18 Mart 2016 Cuma

SÖĞÜT AĞACININ ÖNEMİ NEDİR ? HİKAYESİ NASILDIR ?


                                



     Botanik biliminde salix olarak adlandırılan söğüt ağacının en eski arkeolojik kalıntıları, Anadolu neolitik çağ yerleşimlerinde bulunmuştur. Bir Ege türküsünde “Söğüt de efem yar sensin”, bir başka türküde de "Söğüdün erenleri / Koyverin gidenleri” denmektedir. Dolayısıyla kendi alanlarında yükselmiş, ahlaki yönden topluma önder kişilerin sembolüdür söğüt ağacı. Anadolu’nun ilk yazılı metinlerinin sahibi olan Hititler, ”şişiyamma” adını verdikleri söğüt ağacından ilaç elde etmişlerdir.
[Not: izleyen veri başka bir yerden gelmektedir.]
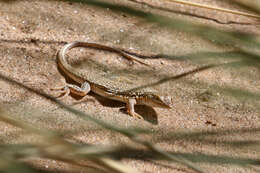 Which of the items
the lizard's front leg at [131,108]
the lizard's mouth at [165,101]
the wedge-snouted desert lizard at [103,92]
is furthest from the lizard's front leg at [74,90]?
the lizard's mouth at [165,101]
MÖ 8—7. yüzyıl topluluklarından İskitlerin yere koydukları söğüt dallarıyla geleceği gören kâhinleri olduğu belirtildiğinden söğüt dallarının antik Anadolu da kehanet amacıyla kullanıldığı anlaşılmaktadır. İlginç olan husus, bu uygulamalardan 1500 yıl sonra da Mevlana’nın "Mesnevi”sinde ”Parlak güneş benimle tutulsun... Söğüdün sırrı açıklansın.”denmektedir. Söğüdün antik dönemde Anadolu’da kehanetten sorumlu Anadolu tanrısının Apollon olması, ayrıca Apollon’un aynı zamanda güneşi sembolize etmesi, söğüt bağlantılı kehanet —güneş—- Apollon kültürü uygulamaları konusunda ipuçları taşımaktadır.

Hiç yorum yok:

Yorum Gönder

Related Posts Plugin for WordPress, Blogger...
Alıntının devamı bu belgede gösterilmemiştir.